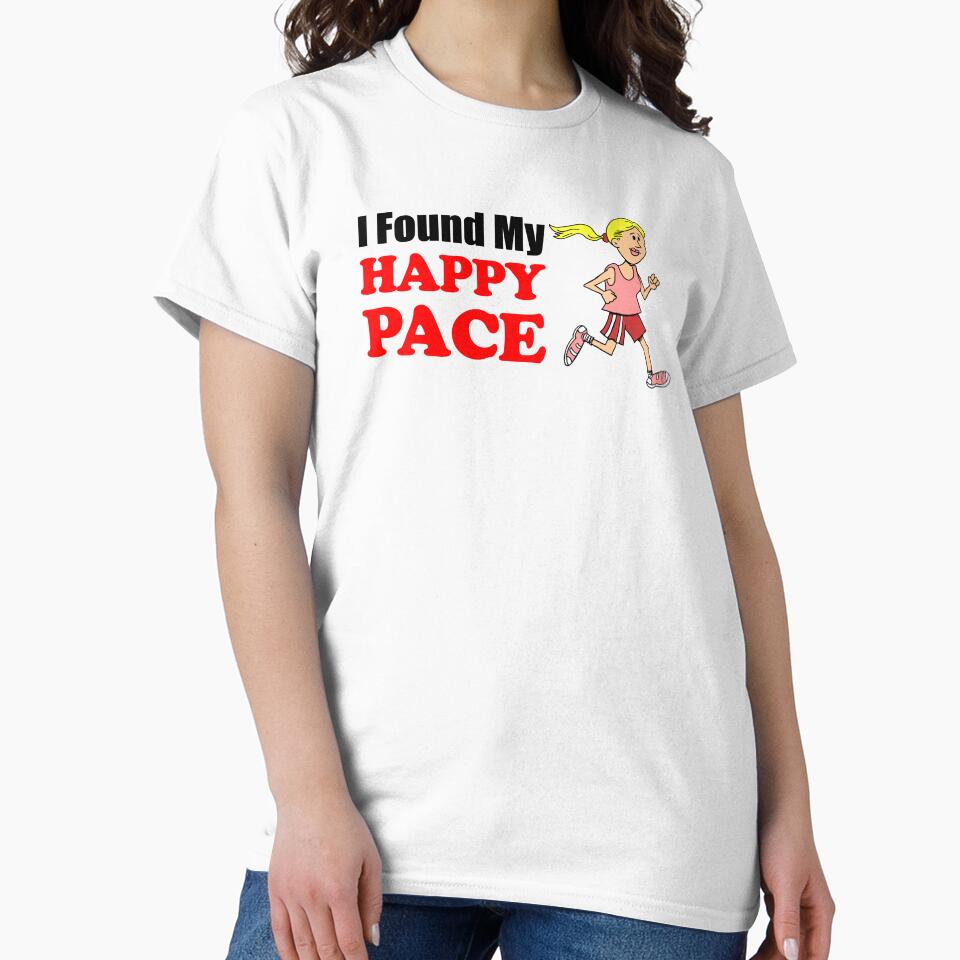 I Found My Happy Pace Running Female Runner by jaycartoonist T-Shirts, Hoodie, Sweatshirt | BlankRebels.com (Image 2)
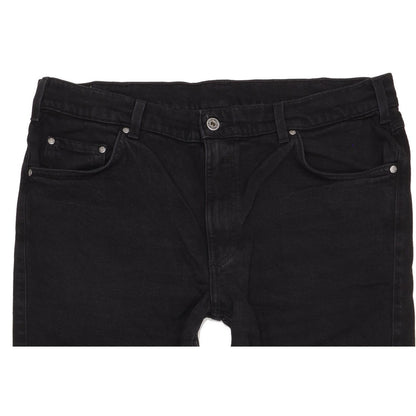 Mustang Big Sur Men Black Straight Regular Stretch Jeans W38 L30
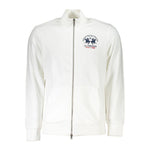 La Martina White Cotton Sweater LA-21510-M
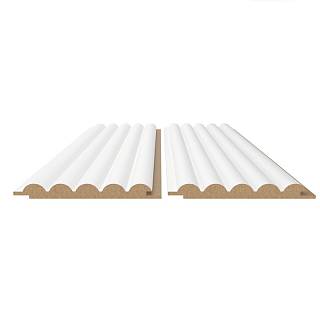 Panel ścienny AGT LB-6500 734 Biały jedwab 2800х170х18mm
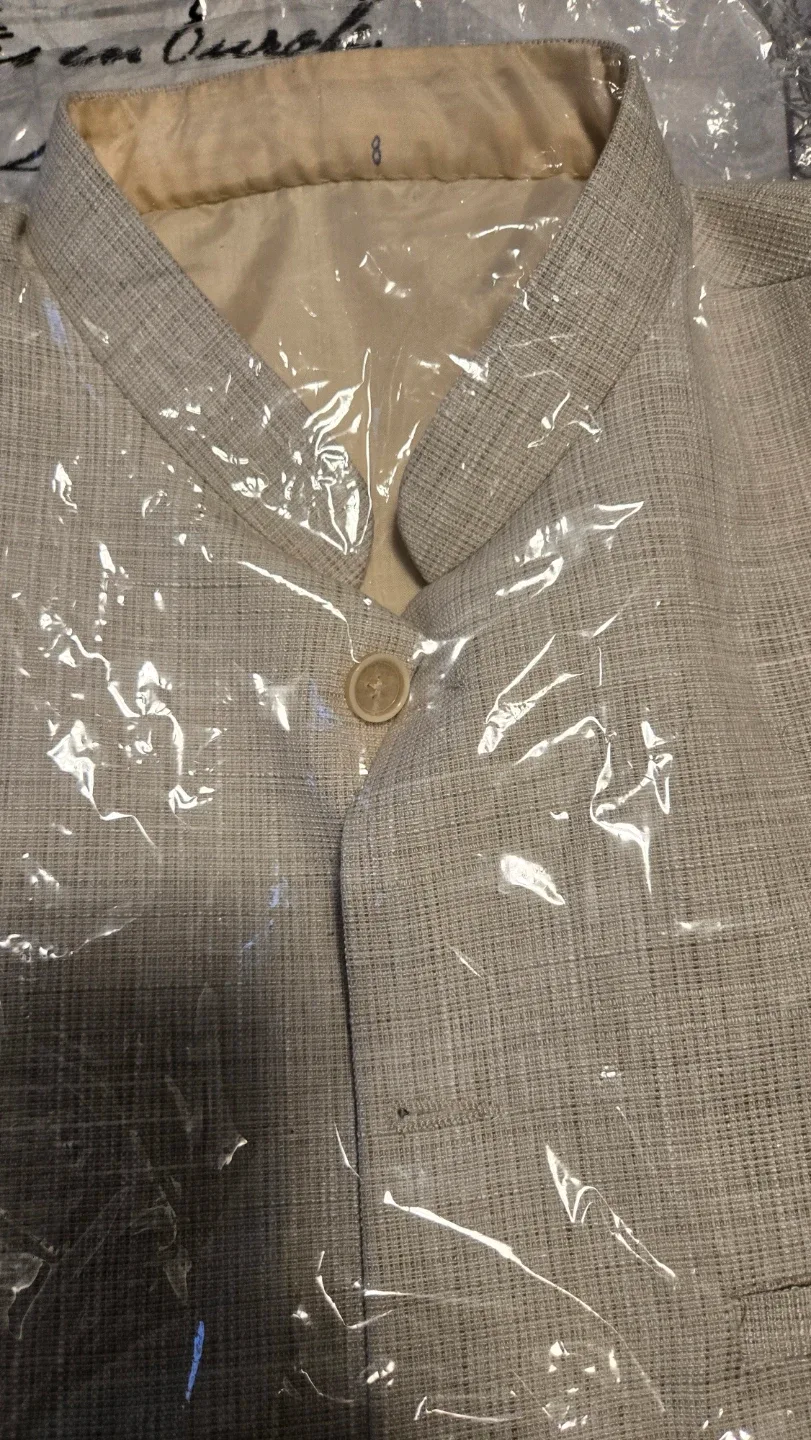 Light Grey Nehru Vest Size 8
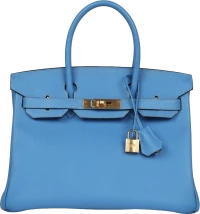 Hermes Birkin 30 Bleu Paradise Epsom Gold Hardware Hermes Birkin 30 Bleu Paradise Epsom Gold Hardware
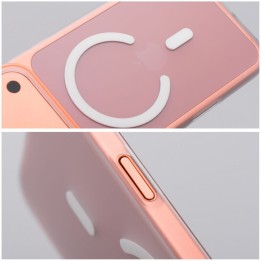 Чехол для Honor 400 Go Orange совместимый с MagSafe прозрачный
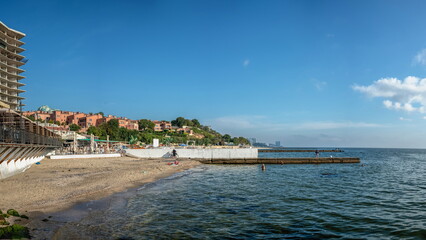 Fototapeta na wymiar Zolotoy Bereg beach in Odessa, Ukraine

=-=-=-=-=

WHAT IS BEING ASKED: Exactly the lines from the line with "Light Grey Nehru Vest Size 8" through the last line of the listing, both included, should be extracted, and the pictures left behind.

SOLVED EXERCISE:
 Light Grey Nehru Vest Size 8
 Hermes Birkin 30 Bleu Paradise Epsom Gold Hardware Hermes Birkin 30 Bleu Paradise Epsom Gold Hardware
 Чехол для Honor 400 Go Orange совместимый с MagSafe прозрачный
 Fototapeta na wymiar Zolotoy Bereg beach in Odessa, Ukraine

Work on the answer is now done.